3

I want to implement the autoencoder (to be exact stacked convolutional autoencoder)

here I'd like to pretrain each layer first and then fine-tuning

So I created variables for weight of each layer

ex. W_1 = tf.Variable(initial_value, name,trainable=True etc) for first layer

and I pretrained W_1 of first layer

Then I want to pretrain weight of second layer (W_2)

Here I should use W_1 for calculating input of second layer.

However W_1 is trainable so if I use W_1 directly then tensorflow may train W_1 together.

So I should create W_1_out that keep value of W_1 but not trainable

To be honest I tried to modify code of this site

https://github.com/cmgreen210/TensorFlowDeepAutoencoder/blob/master/code/ae/autoencoder.py

At line 102 it creates variable by following code

self[name_w + "_fixed"] = tf.Variable(tf.identity(self[name_w]),
                                            name=name_w + "_fixed",
                                            trainable=False)

However it calls error cause it use uninitialized value

How should I do to copy variable but make it not trainable to pretrain next layers??

Jaeyoon Yoo
  • 171
  • 1
  • 2
  • 9
  • See [enter link description here](https://stackoverflow.com/questions/37326002/tensorflow-get-variable-change-shared-variable-trainable-to-false) – educob Jun 06 '16 at 12:43

1 Answers1

3

Not sure if still relevant, but I'll try anyway.

Generally, what I do in a situation like that is the following:

  • Populate the (default) graph according to the model you are building, e.g. for the first training step just create the first convolutional layer W1 you mention. When you train the first layer you can store the saved model once training is finished, then reload it and add the ops required for the second layer W2. Or you can just build the whole graph for W1 from scratch again directly in the code and then add the ops for W2.

  • If you are using the restore mechanism provided by Tensorflow, you will have the advantage that the weights for W1 are already the pre-trained ones. If you don't use the restore mechanism, you will have to set the W1 weights manually, e.g. by doing something shown in the snippet further below.

  • Then when you set up the training op, you can pass a list of variables as var_list to the optimizer which explicitly tells the optimizer which parameters are updated in order to minimize the loss. If this is set to None (the default), it just uses what it can find in tf.trainable_variables() which in turn is a collection of all tf.Variables that are trainable. May be check this answer, too, which basically says the same thing.
  • When using the var_list argument, graph collections come in handy. E.g. you could create a separate graph collection for every layer you want to train. The collection would contain the trainable variables for each layer and then you could very easily just retrieve the required collection and pass it as the var_list argument (see example below and/or the remark in the above linked documentation).

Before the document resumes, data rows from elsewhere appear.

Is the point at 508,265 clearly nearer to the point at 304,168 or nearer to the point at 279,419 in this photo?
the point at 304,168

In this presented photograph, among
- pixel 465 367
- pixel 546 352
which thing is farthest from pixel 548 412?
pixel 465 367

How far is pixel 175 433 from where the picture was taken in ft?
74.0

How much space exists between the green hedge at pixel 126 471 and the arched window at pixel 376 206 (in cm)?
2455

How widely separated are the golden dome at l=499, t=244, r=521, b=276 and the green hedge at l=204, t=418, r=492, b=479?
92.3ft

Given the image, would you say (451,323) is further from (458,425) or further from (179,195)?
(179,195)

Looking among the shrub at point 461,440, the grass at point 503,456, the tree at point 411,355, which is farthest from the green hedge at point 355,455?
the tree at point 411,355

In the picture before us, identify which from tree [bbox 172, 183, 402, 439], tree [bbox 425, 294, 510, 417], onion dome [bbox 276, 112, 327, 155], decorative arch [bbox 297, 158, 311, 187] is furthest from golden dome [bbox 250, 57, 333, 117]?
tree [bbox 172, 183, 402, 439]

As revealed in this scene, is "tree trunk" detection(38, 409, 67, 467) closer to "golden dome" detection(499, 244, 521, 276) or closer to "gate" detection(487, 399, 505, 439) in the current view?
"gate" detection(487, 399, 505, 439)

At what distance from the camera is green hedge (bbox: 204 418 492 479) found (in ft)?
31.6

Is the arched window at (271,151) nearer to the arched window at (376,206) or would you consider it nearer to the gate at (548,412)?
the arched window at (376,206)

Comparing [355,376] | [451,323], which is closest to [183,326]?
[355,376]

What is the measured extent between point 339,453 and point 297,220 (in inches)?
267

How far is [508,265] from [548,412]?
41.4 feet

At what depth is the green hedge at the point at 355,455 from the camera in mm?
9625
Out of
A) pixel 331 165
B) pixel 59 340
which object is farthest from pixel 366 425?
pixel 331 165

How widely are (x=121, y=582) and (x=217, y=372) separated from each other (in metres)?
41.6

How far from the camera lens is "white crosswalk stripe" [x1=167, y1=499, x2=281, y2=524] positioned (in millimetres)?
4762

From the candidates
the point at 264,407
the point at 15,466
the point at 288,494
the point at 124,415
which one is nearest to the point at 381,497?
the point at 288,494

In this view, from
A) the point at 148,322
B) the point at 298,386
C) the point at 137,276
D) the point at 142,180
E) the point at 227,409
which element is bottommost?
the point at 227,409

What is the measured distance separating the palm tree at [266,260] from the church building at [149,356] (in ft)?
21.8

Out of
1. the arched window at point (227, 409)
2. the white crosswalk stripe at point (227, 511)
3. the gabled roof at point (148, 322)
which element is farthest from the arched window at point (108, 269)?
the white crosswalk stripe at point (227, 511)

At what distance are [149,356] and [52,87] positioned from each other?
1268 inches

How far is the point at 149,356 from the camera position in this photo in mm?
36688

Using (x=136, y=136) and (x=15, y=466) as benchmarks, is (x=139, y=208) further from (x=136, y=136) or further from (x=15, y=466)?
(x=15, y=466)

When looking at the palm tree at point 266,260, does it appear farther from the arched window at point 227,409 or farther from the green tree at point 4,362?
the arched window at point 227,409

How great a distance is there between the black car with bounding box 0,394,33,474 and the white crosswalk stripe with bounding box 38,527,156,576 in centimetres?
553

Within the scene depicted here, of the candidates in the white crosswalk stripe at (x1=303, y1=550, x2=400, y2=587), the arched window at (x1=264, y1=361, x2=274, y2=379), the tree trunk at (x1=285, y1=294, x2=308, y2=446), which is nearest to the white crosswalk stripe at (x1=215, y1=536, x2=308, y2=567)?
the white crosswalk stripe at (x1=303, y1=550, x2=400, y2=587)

How to override the value of a variable: name is the name of the variable to be overriden, value is an array of the appropriate size and type and sess is the session:

variable = tf.get_default_graph().get_tensor_by_name(name)
sess.run(tf.assign(variable, value))

Note that the name needs an additional :0 in the end, so e.g. if the weights of your layer are called 'weights1' the name in the example should be 'weights1:0'.

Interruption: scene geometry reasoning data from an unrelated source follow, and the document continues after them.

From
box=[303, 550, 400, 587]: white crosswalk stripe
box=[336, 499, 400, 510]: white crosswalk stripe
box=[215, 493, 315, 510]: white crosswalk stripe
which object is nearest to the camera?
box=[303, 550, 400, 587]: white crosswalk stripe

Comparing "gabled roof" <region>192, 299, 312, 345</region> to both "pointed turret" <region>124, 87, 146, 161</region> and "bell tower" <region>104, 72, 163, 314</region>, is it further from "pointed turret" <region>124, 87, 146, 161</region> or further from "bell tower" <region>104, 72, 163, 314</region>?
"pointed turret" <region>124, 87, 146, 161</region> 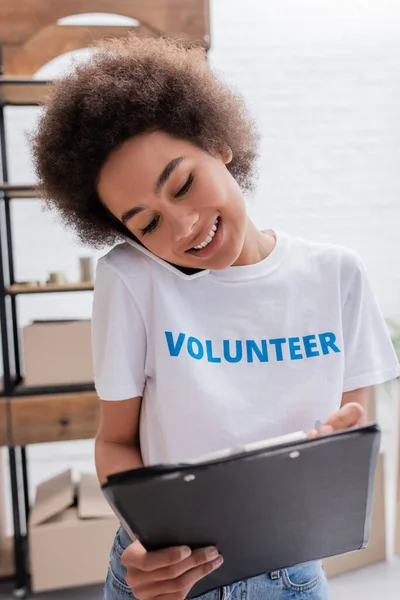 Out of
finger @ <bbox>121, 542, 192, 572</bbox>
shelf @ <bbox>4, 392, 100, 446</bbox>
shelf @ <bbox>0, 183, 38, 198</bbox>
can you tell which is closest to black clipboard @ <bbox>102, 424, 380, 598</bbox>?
finger @ <bbox>121, 542, 192, 572</bbox>

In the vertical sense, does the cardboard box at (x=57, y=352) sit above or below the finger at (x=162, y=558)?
Answer: below

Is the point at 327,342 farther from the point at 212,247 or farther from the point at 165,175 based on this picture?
the point at 165,175

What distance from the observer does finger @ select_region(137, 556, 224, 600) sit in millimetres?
606

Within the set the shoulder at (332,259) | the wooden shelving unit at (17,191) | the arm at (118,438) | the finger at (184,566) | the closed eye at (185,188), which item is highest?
the wooden shelving unit at (17,191)

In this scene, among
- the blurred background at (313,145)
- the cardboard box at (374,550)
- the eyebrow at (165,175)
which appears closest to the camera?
the eyebrow at (165,175)

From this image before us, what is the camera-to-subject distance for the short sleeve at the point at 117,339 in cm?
73

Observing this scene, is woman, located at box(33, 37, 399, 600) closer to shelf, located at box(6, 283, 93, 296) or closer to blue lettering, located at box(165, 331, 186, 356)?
blue lettering, located at box(165, 331, 186, 356)

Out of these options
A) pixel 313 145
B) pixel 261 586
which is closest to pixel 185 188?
pixel 261 586

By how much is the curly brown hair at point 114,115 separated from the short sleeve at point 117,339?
10 centimetres

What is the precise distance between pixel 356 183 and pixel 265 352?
1.89 metres

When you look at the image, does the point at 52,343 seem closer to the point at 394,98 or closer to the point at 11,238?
the point at 11,238

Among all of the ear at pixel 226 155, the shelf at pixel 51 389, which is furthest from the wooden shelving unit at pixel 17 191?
the ear at pixel 226 155

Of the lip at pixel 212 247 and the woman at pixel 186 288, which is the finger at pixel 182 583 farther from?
the lip at pixel 212 247

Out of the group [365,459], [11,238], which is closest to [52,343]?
[11,238] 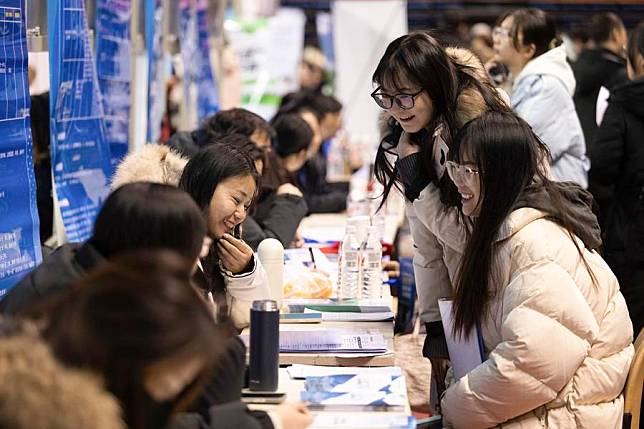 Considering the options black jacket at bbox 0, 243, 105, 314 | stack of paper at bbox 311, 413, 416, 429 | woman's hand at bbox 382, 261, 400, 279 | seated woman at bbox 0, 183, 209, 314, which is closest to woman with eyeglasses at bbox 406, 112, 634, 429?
stack of paper at bbox 311, 413, 416, 429

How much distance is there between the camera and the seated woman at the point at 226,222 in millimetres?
2971

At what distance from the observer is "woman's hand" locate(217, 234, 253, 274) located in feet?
10.1

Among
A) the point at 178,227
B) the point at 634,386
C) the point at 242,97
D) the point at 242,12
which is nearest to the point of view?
the point at 178,227

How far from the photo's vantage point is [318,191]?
6.48 metres

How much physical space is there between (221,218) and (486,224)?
2.35 ft

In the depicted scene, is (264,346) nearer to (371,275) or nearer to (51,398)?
(51,398)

To add a tensor to a custom collection: Use something along the following lines:

tf.add_to_collection('layer1_tensors', weights1)
tf.add_to_collection('layer1_tensors', some_other_trainable_variable)

Note that the first line creates the collection because it does not yet exist and the second line adds the given tensor to the existing collection.

How to use the custom collection: Now you can do something like this:

# loss = some tensorflow op computing the loss
var_list = tf.get_collection_ref('layer1_tensors')
optim = tf.train.AdamOptimizer().minimize(loss=loss, var_list=var_list)

You could also use tf.get_collection('layer_tensors') which would return you a copy of the collection.

Of course, if you don't wanna do any of this, you could just use trainable=False when creating the graph for all variables you don't want to be trainable as you hinted towards in your question. However, I don't like that option too much, because it requires you to pass in booleans into the functions that populate your graph, which is very easily overlooked and thus error-prone. Also, even if you decide to it like that, you would still have to restore the non-trainable variables manually.

Graham
  • 7,431
  • 18
  • 59
  • 84
kafman
  • 2,862
  • 1
  • 29
  • 51